> Work request: Output the full listing exactly as written, with no pictures in it.

--- Available data Enclosed Below ---

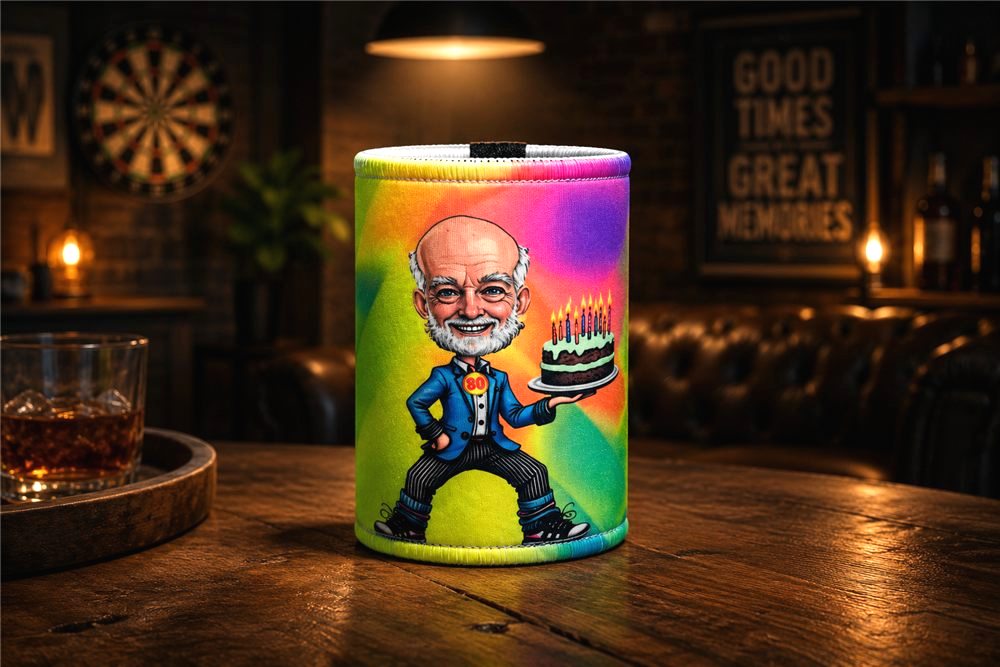Fluorescent ink stubby coolers for an 80th birthday party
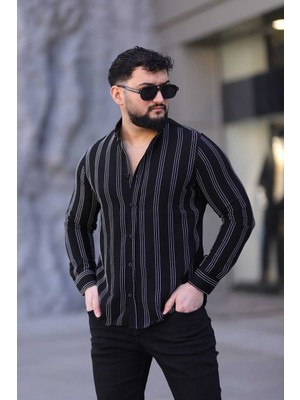 L-KOM Regular Çizgili Erkek Gömlek %100 Pamuk Rahat Kesim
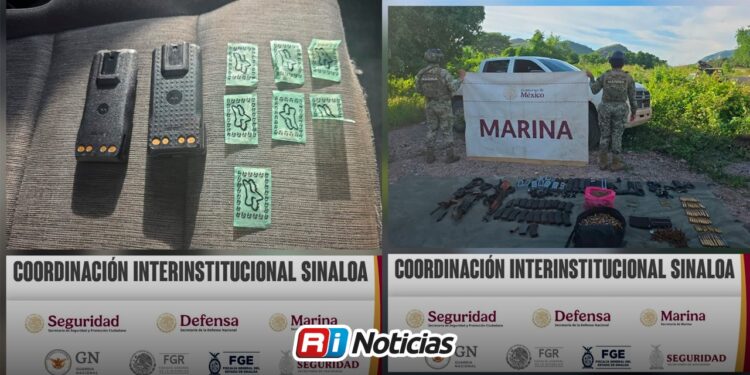La Secretaría de Marina detiene a presuntos infractores de la ley y asegura vehículos, armamento y sustancias ilícitas en Sinaloa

--- End of Enclosed Available data ---

> Final answer:
Fluorescent ink stubby coolers for an 80th birthday party
 L-KOM Regular Çizgili Erkek Gömlek %100 Pamuk Rahat Kesim
La Secretaría de Marina detiene a presuntos infractores de la ley y asegura vehículos, armamento y sustancias ilícitas en Sinaloa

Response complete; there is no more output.